Using dyes to stain specific proteins, a clinician can also identify proteins that are missing from the muscle. In some cases this may provide a diagnosis, for example, the lack of dystrophin in Duchenne muscular dystrophy.
However in other conditions, where several genes may play a role in the biological pathway that produces the protein, genetic testing will be required to identify the precise cause of the condition. (For more information, please read our factsheet on muscle biopsies).
Functional test of muscles and nerves
The clinician may also use other tests like electromyography (EMG) or tests of nerve function. These tests examine electrical activity in nerves and muscles.
By comparing when someone is at rest and when the muscles are contracting, clinicians can pinpoint the location of underlying problems – either in the muscles themselves, or in the nerves carrying signals to the muscles.
Genetic testingGenetic testing d.doran@muscul… Wed, 05/19/2021 - 13:07
Genetic tests are usually performed on a blood sample.
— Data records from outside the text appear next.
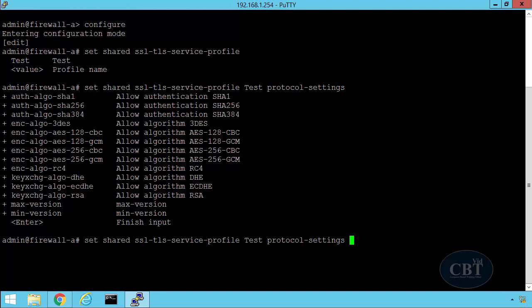And here you can see the list of all supported cryptographic algorithms under this TLS or SSL profile. Now, if you want to remove any of these profiles or cipher suites, you just have to pick that name. For example, if I want to remove ENC-ALGO-AES-128-CBC, I just type that name here.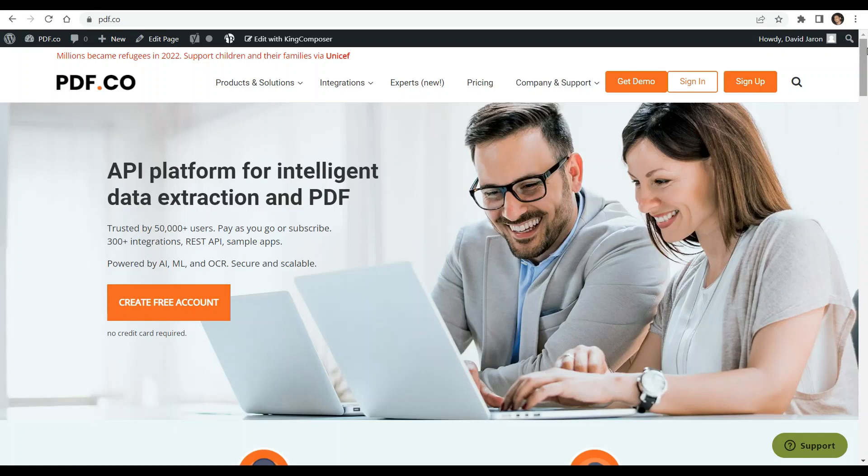Hi! Welcome to pdf.co. Today you will learn how to extract data from TD Bank statements using pdf.co and Zapier.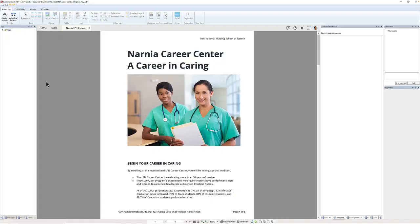If you look at my screen here, I have a sample file open that I'm going to use to show you how to use the CommonLook validator to check our document for compliance.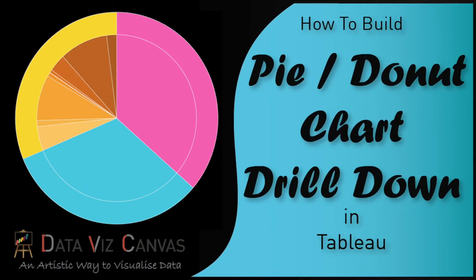Hi everyone, thanks for tuning in. This is Kirpreet from DataWiz Canvas and today we're going to learn another fun technique on how to do pie chart drilldowns.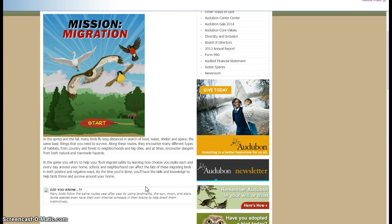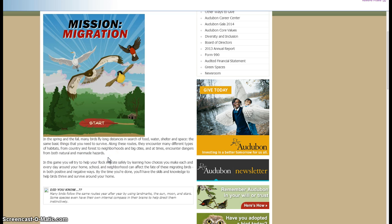So we just have a brief demo of a migration game here that you can play with your students. It identifies the different types of habitats and what the birds actually go through to find food and water and shelter and space.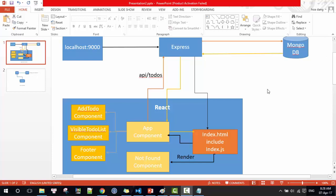This is the basic flow of the application. When a user accesses a URL, it will be sent to the Express server. The Express server will forward all requests — except API requests — to the index.html file. If the URL is valid, the app component will be rendered; otherwise, the 404 component will be rendered.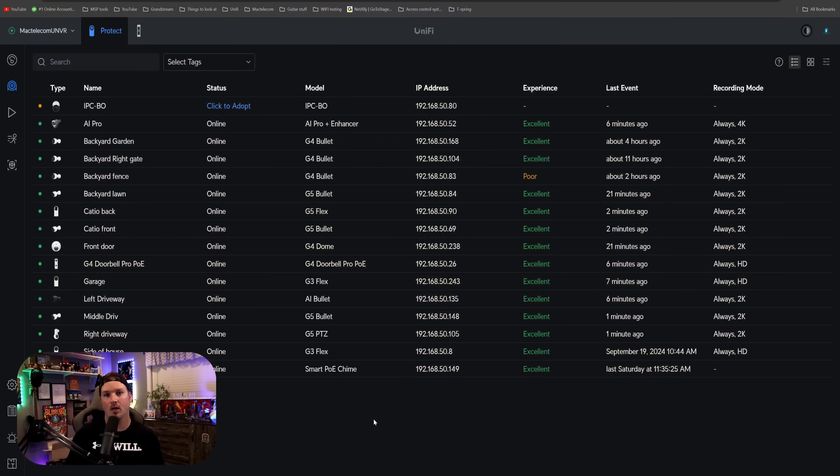Currently with ONVIF, it only supports 24/7 recording. There is no motion recording, but I believe they are gonna be adding more functionality in the future. So let's jump right in and get an ONVIF camera adopted and look at some of the other improvements.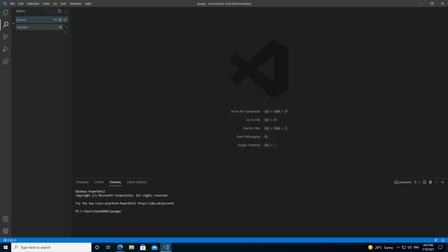Hello everyone, welcome back. In this video we will look at setting up Visual Studio Code for Java development. Before we get started, please make sure you subscribe to the channel if you haven't.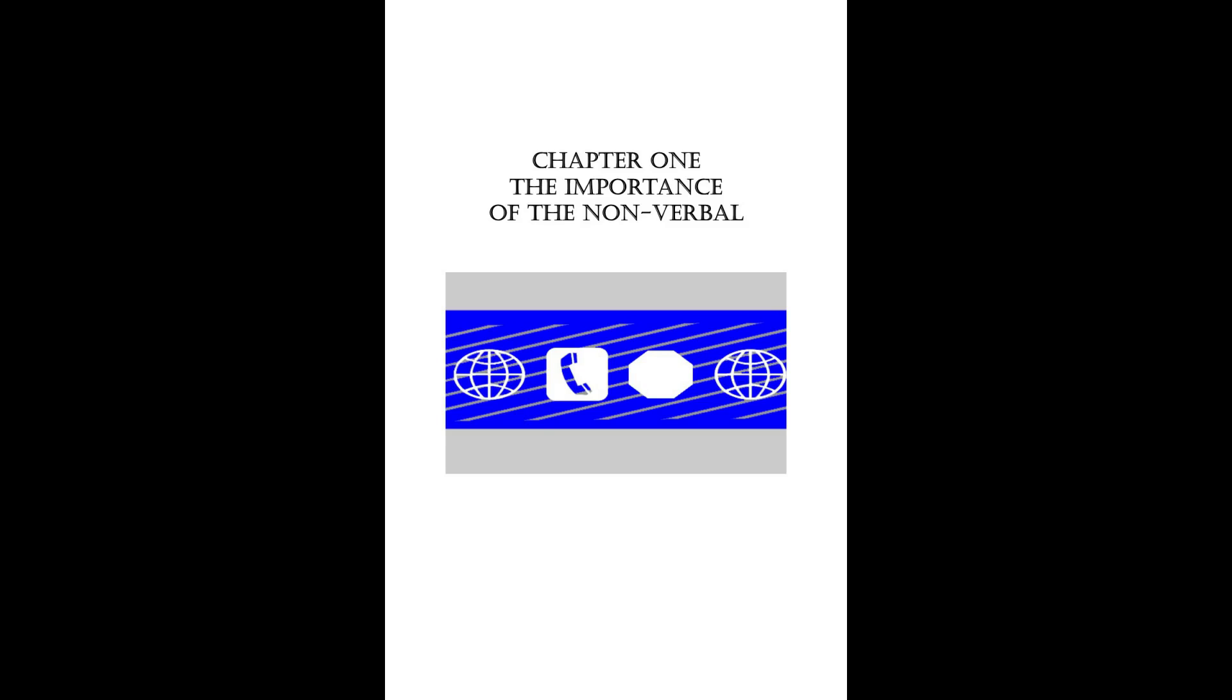Chapter one, the importance of the nonverbal. What is nonverbal communication? It is the way you and I communicate without using words. It's a sign language built on association and implied learning.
The tests aim to identify which faulty gene is causing a condition and the precise nature of the genetic fault, in other words, the mutation. There are several different types of mutation, which are named for their effect on the DNA.
For instance, a ‘deletion mutation’ is caused when some of the DNA is deleted and ‘duplications’ occur when part of the DNA is repeated. The clinical diagnosis suggests which gene (or genes) should be tested but often it does not point towards a single gene.
For example, the early symptoms of some cases of limb girdle muscular dystrophy can be hard to distinguish from other conditions like Becker muscular dystrophy.
Some neuromuscular conditions can be caused by mutations in any one of several genes.
For example, over 20 different genes are associated with limb girdle muscular dystrophy. In these cases, the gene that is most likely to cause the condition and symptoms observed is tested first.
If no mutation is found, the next most likely gene will be tested, and so on. In this case a diagnosis can take some time, depending on how many genes need to be tested.
Occasionally, if a genetic test is not available through the diagnostic service, samples are sent to laboratories where the DNA is analysed as part of ongoing research.
Sometimes, a clinical diagnosis points clearly in the direction of a single gene.
A clinical diagnosis of Duchenne muscular dystrophy points to the dystrophin gene and testing then focuses on identifying the mutation in that gene. In these cases, testing initially looks for the most common mutations (for example, deletions in Duchenne muscular dystrophy) and gradually works towards rarer mutations.
Despite recent advances in identifying mutations that can cause neuromuscular conditions, clinicians will sometimes test all the known genes and still fail to identify the mutation causing the condition.
Currently, about 50 percent of people with congenital muscular dystrophy do not receive a genetic diagnosis.
Why is a genetic diagnosis important?
A precise genetic diagnosis allows clinicians to give their patients better information about how the condition will progress during their lifetime.
This can help individuals and families to prepare in advance to manage their condition and to make informed family planning decisions. Some clinical trials require prospective participants to have a genetic diagnosis.
This might be because the therapy being tested targets the underlying genetic cause of the condition. For example, exon skipping therapies for Duchenne muscular dystrophy are mutationspecific. This means that when these therapies are made available, they will potentially benefit only people with certain mutations.